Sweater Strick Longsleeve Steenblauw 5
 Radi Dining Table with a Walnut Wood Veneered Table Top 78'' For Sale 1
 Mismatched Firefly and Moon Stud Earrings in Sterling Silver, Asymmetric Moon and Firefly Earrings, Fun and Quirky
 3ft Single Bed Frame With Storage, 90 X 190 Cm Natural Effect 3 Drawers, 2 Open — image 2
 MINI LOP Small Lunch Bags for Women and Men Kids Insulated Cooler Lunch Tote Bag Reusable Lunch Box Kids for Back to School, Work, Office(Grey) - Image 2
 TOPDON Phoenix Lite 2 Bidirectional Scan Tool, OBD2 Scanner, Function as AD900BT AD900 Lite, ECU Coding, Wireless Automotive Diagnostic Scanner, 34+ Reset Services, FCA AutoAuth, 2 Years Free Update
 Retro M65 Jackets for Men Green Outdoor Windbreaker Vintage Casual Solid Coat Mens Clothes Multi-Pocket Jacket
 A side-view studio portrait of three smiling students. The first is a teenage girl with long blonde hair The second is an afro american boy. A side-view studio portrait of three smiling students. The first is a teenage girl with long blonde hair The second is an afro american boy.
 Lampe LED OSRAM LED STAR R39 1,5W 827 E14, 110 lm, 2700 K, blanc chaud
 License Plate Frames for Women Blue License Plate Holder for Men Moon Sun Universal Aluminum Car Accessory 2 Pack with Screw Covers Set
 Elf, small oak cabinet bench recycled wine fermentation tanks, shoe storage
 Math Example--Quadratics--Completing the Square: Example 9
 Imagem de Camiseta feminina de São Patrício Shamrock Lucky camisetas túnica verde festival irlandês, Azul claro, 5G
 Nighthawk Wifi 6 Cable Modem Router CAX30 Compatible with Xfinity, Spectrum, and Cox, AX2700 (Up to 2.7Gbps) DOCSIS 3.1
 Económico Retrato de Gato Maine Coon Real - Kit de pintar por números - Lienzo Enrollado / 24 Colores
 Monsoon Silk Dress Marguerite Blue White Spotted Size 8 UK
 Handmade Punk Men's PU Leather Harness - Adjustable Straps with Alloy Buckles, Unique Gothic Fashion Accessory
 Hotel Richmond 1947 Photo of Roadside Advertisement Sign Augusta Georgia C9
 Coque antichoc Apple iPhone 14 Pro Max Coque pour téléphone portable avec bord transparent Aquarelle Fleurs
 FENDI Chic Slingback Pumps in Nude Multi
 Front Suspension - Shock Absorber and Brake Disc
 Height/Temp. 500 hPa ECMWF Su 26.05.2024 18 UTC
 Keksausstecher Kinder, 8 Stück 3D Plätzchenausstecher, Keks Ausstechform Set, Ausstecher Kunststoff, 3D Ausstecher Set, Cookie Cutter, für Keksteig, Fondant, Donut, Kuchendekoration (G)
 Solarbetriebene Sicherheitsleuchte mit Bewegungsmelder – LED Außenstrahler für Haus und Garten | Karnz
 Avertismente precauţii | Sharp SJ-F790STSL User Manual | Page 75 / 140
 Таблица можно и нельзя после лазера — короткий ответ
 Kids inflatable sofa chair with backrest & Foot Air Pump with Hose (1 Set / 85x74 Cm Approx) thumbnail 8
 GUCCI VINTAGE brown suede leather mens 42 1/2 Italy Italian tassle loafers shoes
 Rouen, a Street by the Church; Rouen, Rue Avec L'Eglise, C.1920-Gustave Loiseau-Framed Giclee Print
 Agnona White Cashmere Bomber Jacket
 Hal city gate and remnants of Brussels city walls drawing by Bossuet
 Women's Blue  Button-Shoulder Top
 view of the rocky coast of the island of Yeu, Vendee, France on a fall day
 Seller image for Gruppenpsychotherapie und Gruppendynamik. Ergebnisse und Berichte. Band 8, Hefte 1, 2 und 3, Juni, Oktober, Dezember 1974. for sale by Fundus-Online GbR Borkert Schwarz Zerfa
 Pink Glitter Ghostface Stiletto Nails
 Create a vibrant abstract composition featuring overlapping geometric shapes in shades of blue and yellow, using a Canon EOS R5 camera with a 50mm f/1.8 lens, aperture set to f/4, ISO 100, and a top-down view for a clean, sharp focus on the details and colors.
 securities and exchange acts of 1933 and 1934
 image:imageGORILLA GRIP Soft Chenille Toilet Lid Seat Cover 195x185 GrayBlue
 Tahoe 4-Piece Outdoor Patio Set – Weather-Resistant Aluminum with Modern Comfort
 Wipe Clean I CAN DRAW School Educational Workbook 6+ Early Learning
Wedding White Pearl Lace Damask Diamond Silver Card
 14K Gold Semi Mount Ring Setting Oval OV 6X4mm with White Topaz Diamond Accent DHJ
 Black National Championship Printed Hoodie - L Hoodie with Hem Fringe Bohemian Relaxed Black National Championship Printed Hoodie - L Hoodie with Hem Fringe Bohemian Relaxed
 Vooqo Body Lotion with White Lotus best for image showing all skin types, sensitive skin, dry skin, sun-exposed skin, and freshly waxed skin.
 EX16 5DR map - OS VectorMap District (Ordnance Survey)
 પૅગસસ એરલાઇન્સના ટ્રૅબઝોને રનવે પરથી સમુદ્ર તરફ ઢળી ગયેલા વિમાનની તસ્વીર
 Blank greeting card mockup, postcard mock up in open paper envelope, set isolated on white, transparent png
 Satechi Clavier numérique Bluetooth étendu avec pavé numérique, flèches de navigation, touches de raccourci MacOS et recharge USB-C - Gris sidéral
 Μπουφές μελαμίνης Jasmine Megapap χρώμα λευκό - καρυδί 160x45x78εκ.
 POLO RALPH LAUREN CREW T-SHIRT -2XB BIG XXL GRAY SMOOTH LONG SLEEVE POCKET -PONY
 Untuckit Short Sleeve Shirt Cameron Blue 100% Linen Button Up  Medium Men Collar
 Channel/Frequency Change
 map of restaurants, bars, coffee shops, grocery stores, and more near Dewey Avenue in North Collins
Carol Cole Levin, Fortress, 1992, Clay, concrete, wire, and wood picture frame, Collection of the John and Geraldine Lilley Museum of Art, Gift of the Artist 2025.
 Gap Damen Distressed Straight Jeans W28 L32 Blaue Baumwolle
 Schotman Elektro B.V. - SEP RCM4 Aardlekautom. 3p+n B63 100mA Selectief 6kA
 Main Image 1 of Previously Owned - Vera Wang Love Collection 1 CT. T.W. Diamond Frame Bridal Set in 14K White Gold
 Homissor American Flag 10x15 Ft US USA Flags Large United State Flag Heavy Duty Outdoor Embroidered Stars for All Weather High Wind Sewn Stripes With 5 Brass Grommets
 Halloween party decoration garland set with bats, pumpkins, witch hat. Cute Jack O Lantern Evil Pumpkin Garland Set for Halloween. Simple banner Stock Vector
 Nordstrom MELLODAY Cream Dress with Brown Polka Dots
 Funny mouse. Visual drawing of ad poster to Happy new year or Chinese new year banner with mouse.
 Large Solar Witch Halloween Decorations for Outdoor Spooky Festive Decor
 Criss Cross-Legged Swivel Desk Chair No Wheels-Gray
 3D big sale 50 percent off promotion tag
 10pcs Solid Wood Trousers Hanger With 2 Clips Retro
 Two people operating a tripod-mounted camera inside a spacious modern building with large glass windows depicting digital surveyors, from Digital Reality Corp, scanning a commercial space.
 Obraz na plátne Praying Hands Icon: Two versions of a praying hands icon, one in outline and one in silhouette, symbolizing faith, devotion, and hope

**WORK INSTRUCTIONS**
Restate every record exactly, leaving nothing out.

**RESPONSE**
Sweater Strick Longsleeve Steenblauw 5
 Radi Dining Table with a Walnut Wood Veneered Table Top 78'' For Sale 1
 Mismatched Firefly and Moon Stud Earrings in Sterling Silver, Asymmetric Moon and Firefly Earrings, Fun and Quirky
 3ft Single Bed Frame With Storage, 90 X 190 Cm Natural Effect 3 Drawers, 2 Open — image 2
 MINI LOP Small Lunch Bags for Women and Men Kids Insulated Cooler Lunch Tote Bag Reusable Lunch Box Kids for Back to School, Work, Office(Grey) - Image 2
 TOPDON Phoenix Lite 2 Bidirectional Scan Tool, OBD2 Scanner, Function as AD900BT AD900 Lite, ECU Coding, Wireless Automotive Diagnostic Scanner, 34+ Reset Services, FCA AutoAuth, 2 Years Free Update
 Retro M65 Jackets for Men Green Outdoor Windbreaker Vintage Casual Solid Coat Mens Clothes Multi-Pocket Jacket
 A side-view studio portrait of three smiling students. The first is a teenage girl with long blonde hair The second is an afro american boy. A side-view studio portrait of three smiling students. The first is a teenage girl with long blonde hair The second is an afro american boy.
 Lampe LED OSRAM LED STAR R39 1,5W 827 E14, 110 lm, 2700 K, blanc chaud
 License Plate Frames for Women Blue License Plate Holder for Men Moon Sun Universal Aluminum Car Accessory 2 Pack with Screw Covers Set
 Elf, small oak cabinet bench recycled wine fermentation tanks, shoe storage
 Math Example--Quadratics--Completing the Square: Example 9
 Imagem de Camiseta feminina de São Patrício Shamrock Lucky camisetas túnica verde festival irlandês, Azul claro, 5G
 Nighthawk Wifi 6 Cable Modem Router CAX30 Compatible with Xfinity, Spectrum, and Cox, AX2700 (Up to 2.7Gbps) DOCSIS 3.1
 Económico Retrato de Gato Maine Coon Real - Kit de pintar por números - Lienzo Enrollado / 24 Colores
 Monsoon Silk Dress Marguerite Blue White Spotted Size 8 UK
 Handmade Punk Men's PU Leather Harness - Adjustable Straps with Alloy Buckles, Unique Gothic Fashion Accessory
 Hotel Richmond 1947 Photo of Roadside Advertisement Sign Augusta Georgia C9
 Coque antichoc Apple iPhone 14 Pro Max Coque pour téléphone portable avec bord transparent Aquarelle Fleurs
 FENDI Chic Slingback Pumps in Nude Multi
 Front Suspension - Shock Absorber and Brake Disc
 Height/Temp. 500 hPa ECMWF Su 26.05.2024 18 UTC
 Keksausstecher Kinder, 8 Stück 3D Plätzchenausstecher, Keks Ausstechform Set, Ausstecher Kunststoff, 3D Ausstecher Set, Cookie Cutter, für Keksteig, Fondant, Donut, Kuchendekoration (G)
 Solarbetriebene Sicherheitsleuchte mit Bewegungsmelder – LED Außenstrahler für Haus und Garten | Karnz
 Avertismente precauţii | Sharp SJ-F790STSL User Manual | Page 75 / 140
 Таблица можно и нельзя после лазера — короткий ответ
 Kids inflatable sofa chair with backrest & Foot Air Pump with Hose (1 Set / 85x74 Cm Approx) thumbnail 8
 GUCCI VINTAGE brown suede leather mens 42 1/2 Italy Italian tassle loafers shoes
 Rouen, a Street by the Church; Rouen, Rue Avec L'Eglise, C.1920-Gustave Loiseau-Framed Giclee Print
 Agnona White Cashmere Bomber Jacket
 Hal city gate and remnants of Brussels city walls drawing by Bossuet
 Women's Blue  Button-Shoulder Top
 view of the rocky coast of the island of Yeu, Vendee, France on a fall day
 Seller image for Gruppenpsychotherapie und Gruppendynamik. Ergebnisse und Berichte. Band 8, Hefte 1, 2 und 3, Juni, Oktober, Dezember 1974. for sale by Fundus-Online GbR Borkert Schwarz Zerfa
 Pink Glitter Ghostface Stiletto Nails
 Create a vibrant abstract composition featuring overlapping geometric shapes in shades of blue and yellow, using a Canon EOS R5 camera with a 50mm f/1.8 lens, aperture set to f/4, ISO 100, and a top-down view for a clean, sharp focus on the details and colors.
 securities and exchange acts of 1933 and 1934
 image:imageGORILLA GRIP Soft Chenille Toilet Lid Seat Cover 195x185 GrayBlue
 Tahoe 4-Piece Outdoor Patio Set – Weather-Resistant Aluminum with Modern Comfort
 Wipe Clean I CAN DRAW School Educational Workbook 6+ Early Learning
Wedding White Pearl Lace Damask Diamond Silver Card
 14K Gold Semi Mount Ring Setting Oval OV 6X4mm with White Topaz Diamond Accent DHJ
 Black National Championship Printed Hoodie - L Hoodie with Hem Fringe Bohemian Relaxed Black National Championship Printed Hoodie - L Hoodie with Hem Fringe Bohemian Relaxed
 Vooqo Body Lotion with White Lotus best for image showing all skin types, sensitive skin, dry skin, sun-exposed skin, and freshly waxed skin.
 EX16 5DR map - OS VectorMap District (Ordnance Survey)
 પૅગસસ એરલાઇન્સના ટ્રૅબઝોને રનવે પરથી સમુદ્ર તરફ ઢળી ગયેલા વિમાનની તસ્વીર
 Blank greeting card mockup, postcard mock up in open paper envelope, set isolated on white, transparent png
 Satechi Clavier numérique Bluetooth étendu avec pavé numérique, flèches de navigation, touches de raccourci MacOS et recharge USB-C - Gris sidéral
 Μπουφές μελαμίνης Jasmine Megapap χρώμα λευκό - καρυδί 160x45x78εκ.
 POLO RALPH LAUREN CREW T-SHIRT -2XB BIG XXL GRAY SMOOTH LONG SLEEVE POCKET -PONY
 Untuckit Short Sleeve Shirt Cameron Blue 100% Linen Button Up  Medium Men Collar
 Channel/Frequency Change
 map of restaurants, bars, coffee shops, grocery stores, and more near Dewey Avenue in North Collins
Carol Cole Levin, Fortress, 1992, Clay, concrete, wire, and wood picture frame, Collection of the John and Geraldine Lilley Museum of Art, Gift of the Artist 2025.
 Gap Damen Distressed Straight Jeans W28 L32 Blaue Baumwolle
 Schotman Elektro B.V. - SEP RCM4 Aardlekautom. 3p+n B63 100mA Selectief 6kA
 Main Image 1 of Previously Owned - Vera Wang Love Collection 1 CT. T.W. Diamond Frame Bridal Set in 14K White Gold
 Homissor American Flag 10x15 Ft US USA Flags Large United State Flag Heavy Duty Outdoor Embroidered Stars for All Weather High Wind Sewn Stripes With 5 Brass Grommets
 Halloween party decoration garland set with bats, pumpkins, witch hat. Cute Jack O Lantern Evil Pumpkin Garland Set for Halloween. Simple banner Stock Vector
 Nordstrom MELLODAY Cream Dress with Brown Polka Dots
 Funny mouse. Visual drawing of ad poster to Happy new year or Chinese new year banner with mouse.
 Large Solar Witch Halloween Decorations for Outdoor Spooky Festive Decor
 Criss Cross-Legged Swivel Desk Chair No Wheels-Gray
 3D big sale 50 percent off promotion tag
 10pcs Solid Wood Trousers Hanger With 2 Clips Retro
 Two people operating a tripod-mounted camera inside a spacious modern building with large glass windows depicting digital surveyors, from Digital Reality Corp, scanning a commercial space.
 Obraz na plátne Praying Hands Icon: Two versions of a praying hands icon, one in outline and one in silhouette, symbolizing faith, devotion, and hope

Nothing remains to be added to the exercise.